Bu liste kulağa ne kadar gerçekçi gelse de benzer şirketlerin çalışmaları 50 yıl sonrası için daha da uçuk öngörülere sahip: 


  • Distopik bir dünyanın sinyallerini veren, 90’lardan itibaren kulaktan kulağa yayılan klişelerin kimi gerçekleşecek. Örneğin, Walt Disney’in de katıldığı iddia edilen ve kişileri dondurup ölümcül hastalıklarının tedavi edilebileceği zaman hayata döndürmeyi amaçlayan kriyonik üzerine yapılan çalışmalar ön plana çıkacak. Nitekim tam gaz çalışmalarını sürdüren Cryonics Institute ve Alcor gibi şirketler, bu sürecin geleceğe yönelik olduğunu ve artık herkesin 30 bin doları bile bulmayan bedellerle yaşam süresini uzatmasını mümkün kıldıklarını savunuyor.

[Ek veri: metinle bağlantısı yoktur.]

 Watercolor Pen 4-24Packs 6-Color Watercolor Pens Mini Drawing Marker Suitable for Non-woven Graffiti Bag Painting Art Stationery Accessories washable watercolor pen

  • Black Mirror’dan aşina olduğumuz, fiziksel olarak varlığın sonu olsa da dijital olarak devam ettiği bir gelecek mümkün. Bunun için metaverse gibi platformlar kullanılacak. Fiziksel olarak varolunmasa da dijital varlığın devamına yatırım yapılacak. Yapay zekâ teknoloji şirketlerinin de ürünleriyle aramızdan ayrılanlar yanımızda hissettirilecek, bizi dürtmeye, mesaj atmaya, uyarmaya ve sevmeye devam edecek.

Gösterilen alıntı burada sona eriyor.